ASSIGNED TASK
Below are records to be copied exactly; their pictures are to be omitted.

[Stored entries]
Content starts
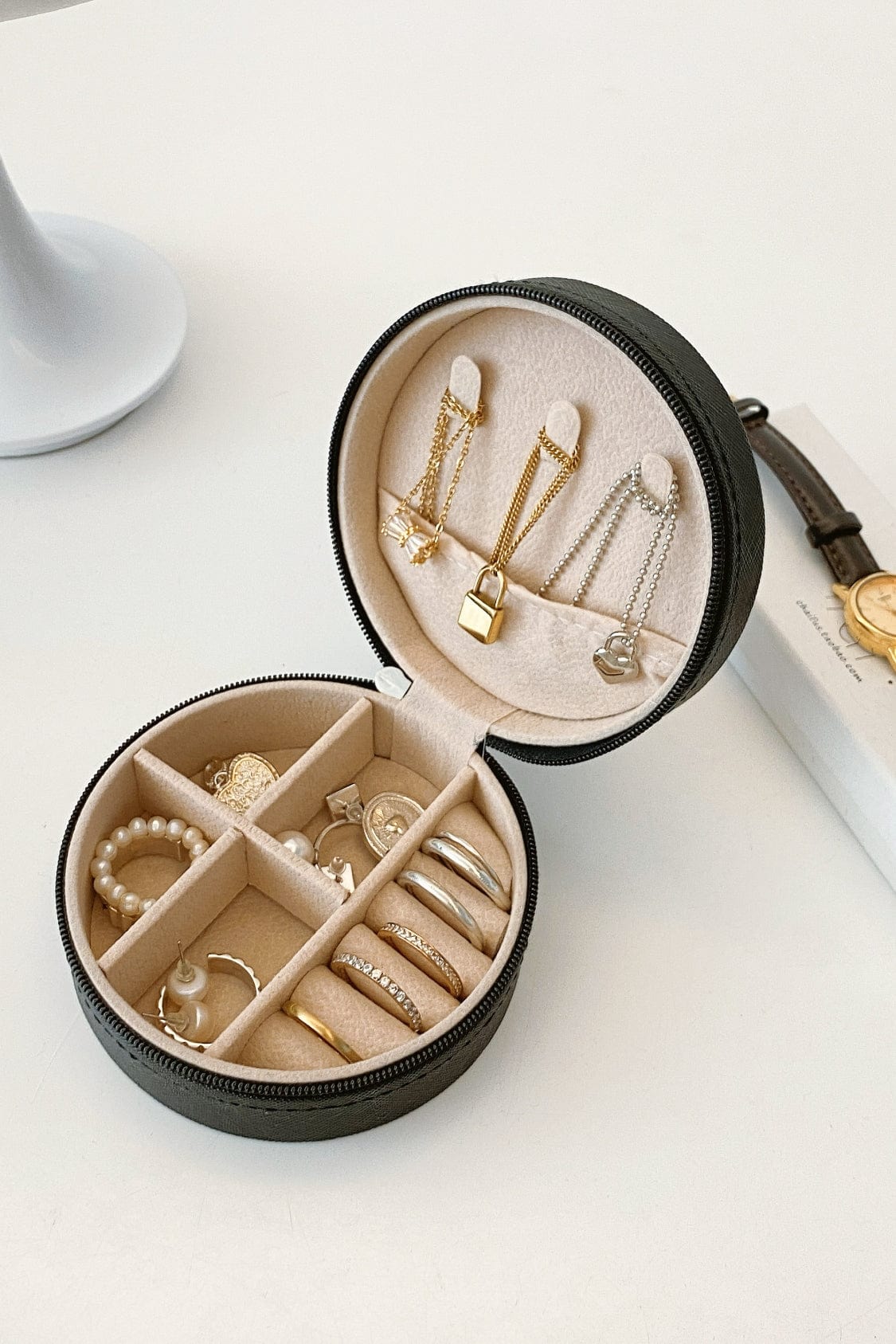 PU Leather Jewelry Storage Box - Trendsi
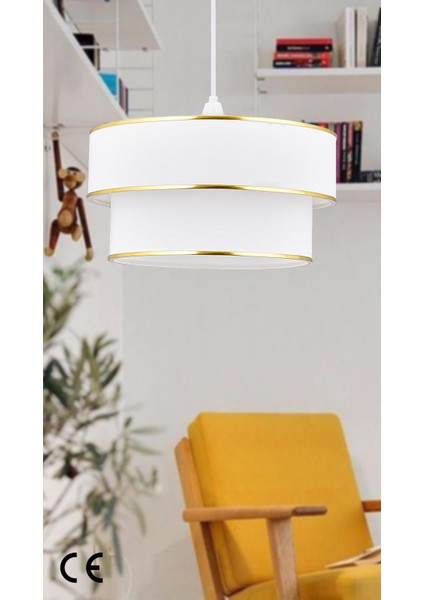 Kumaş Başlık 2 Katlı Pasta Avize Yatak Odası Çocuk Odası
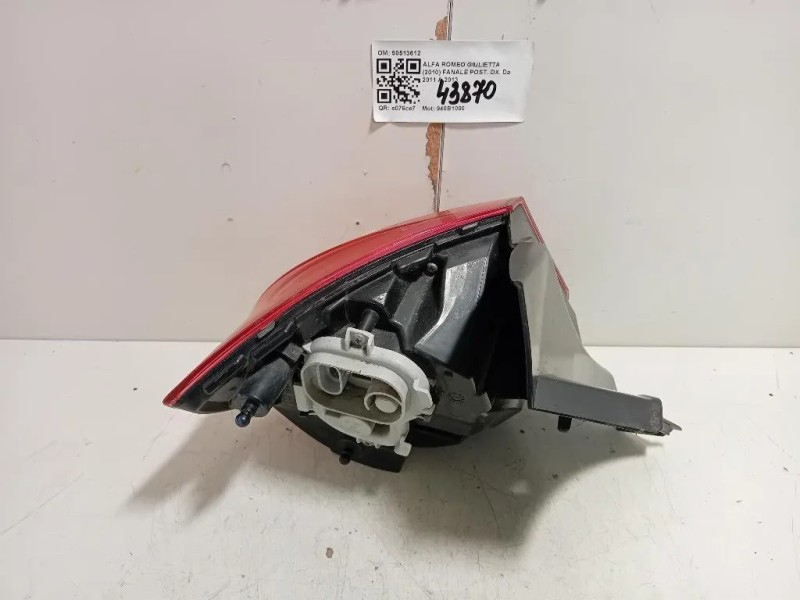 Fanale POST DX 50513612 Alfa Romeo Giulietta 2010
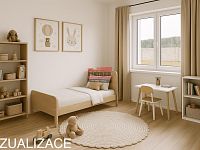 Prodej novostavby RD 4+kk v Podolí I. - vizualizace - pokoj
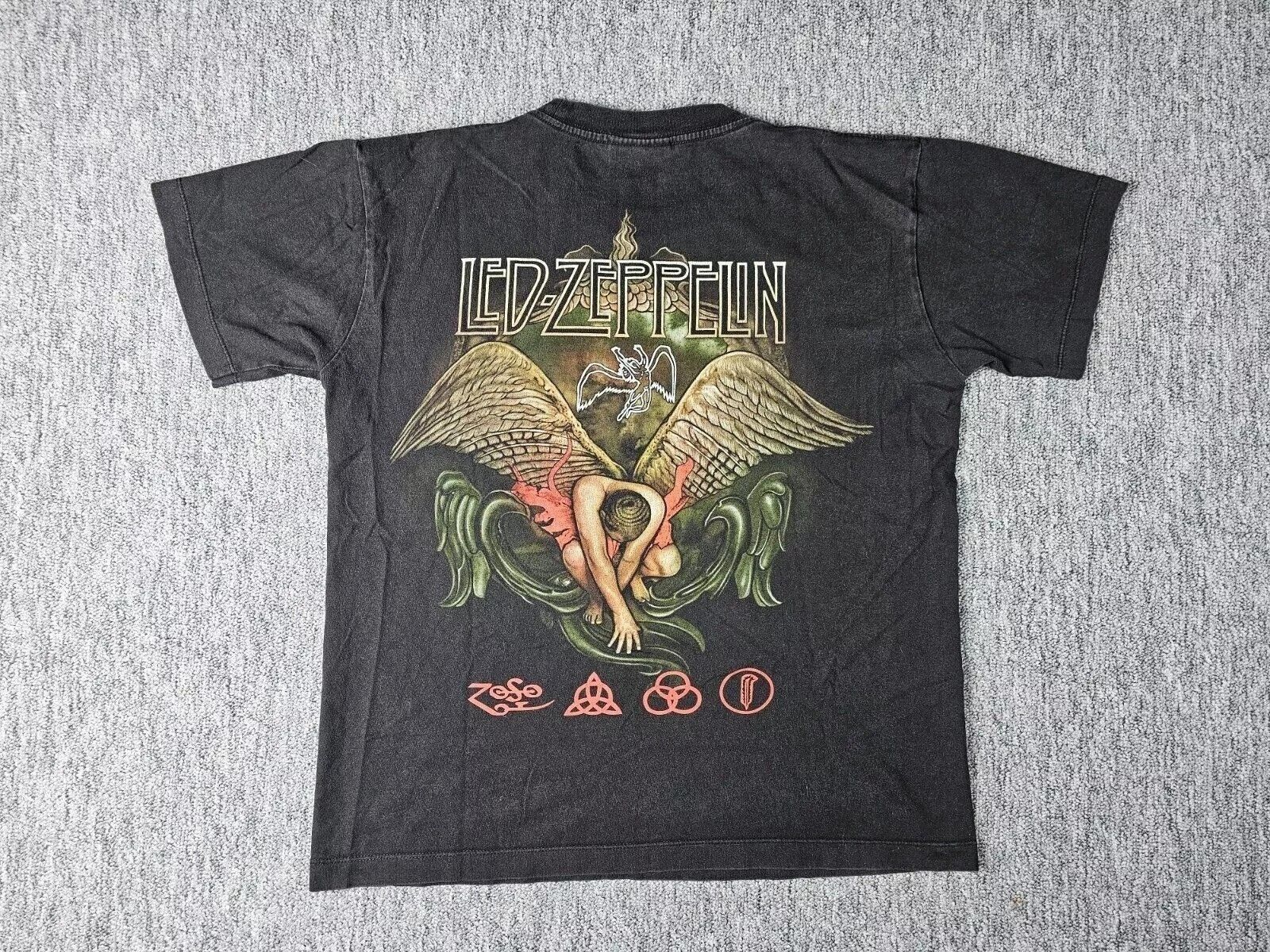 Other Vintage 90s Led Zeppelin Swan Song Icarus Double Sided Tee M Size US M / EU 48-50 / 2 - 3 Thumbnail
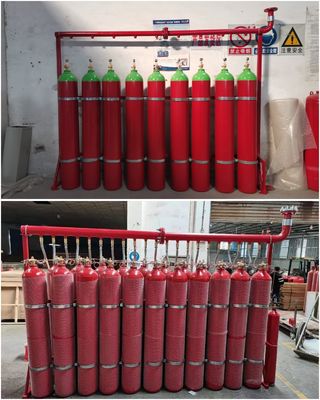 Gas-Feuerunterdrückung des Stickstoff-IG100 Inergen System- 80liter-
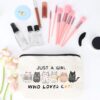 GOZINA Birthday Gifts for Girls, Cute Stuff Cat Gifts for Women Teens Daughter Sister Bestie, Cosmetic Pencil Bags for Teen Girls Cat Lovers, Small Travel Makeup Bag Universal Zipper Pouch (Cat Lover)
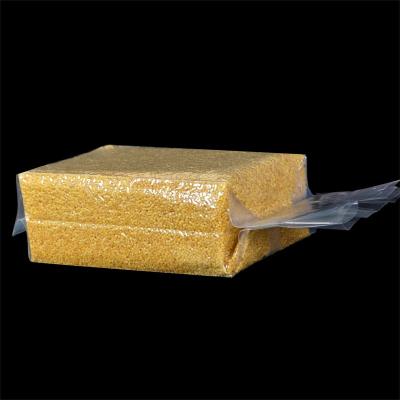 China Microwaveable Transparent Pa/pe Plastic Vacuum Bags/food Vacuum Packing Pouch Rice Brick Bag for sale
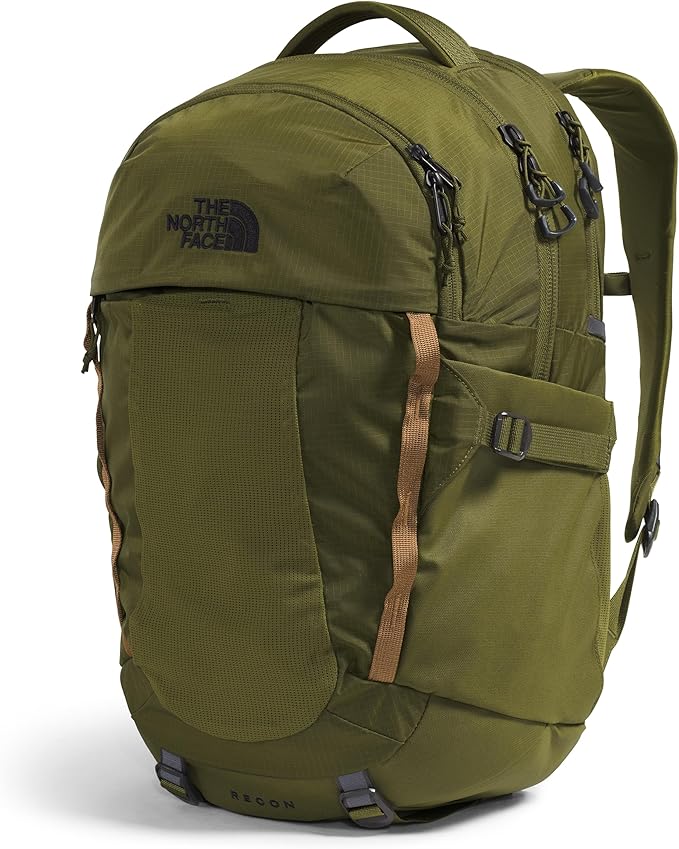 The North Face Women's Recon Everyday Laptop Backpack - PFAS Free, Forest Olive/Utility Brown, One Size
Content ends
ANSWER FOR THE TASK
 PU Leather Jewelry Storage Box - Trendsi
 Kumaş Başlık 2 Katlı Pasta Avize Yatak Odası Çocuk Odası
 Fanale POST DX 50513612 Alfa Romeo Giulietta 2010
 Prodej novostavby RD 4+kk v Podolí I. - vizualizace - pokoj
 Other Vintage 90s Led Zeppelin Swan Song Icarus Double Sided Tee M Size US M / EU 48-50 / 2 - 3 Thumbnail
 Gas-Feuerunterdrückung des Stickstoff-IG100 Inergen System- 80liter-
 GOZINA Birthday Gifts for Girls, Cute Stuff Cat Gifts for Women Teens Daughter Sister Bestie, Cosmetic Pencil Bags for Teen Girls Cat Lovers, Small Travel Makeup Bag Universal Zipper Pouch (Cat Lover)
 China Microwaveable Transparent Pa/pe Plastic Vacuum Bags/food Vacuum Packing Pouch Rice Brick Bag for sale
 The North Face Women's Recon Everyday Laptop Backpack - PFAS Free, Forest Olive/Utility Brown, One Size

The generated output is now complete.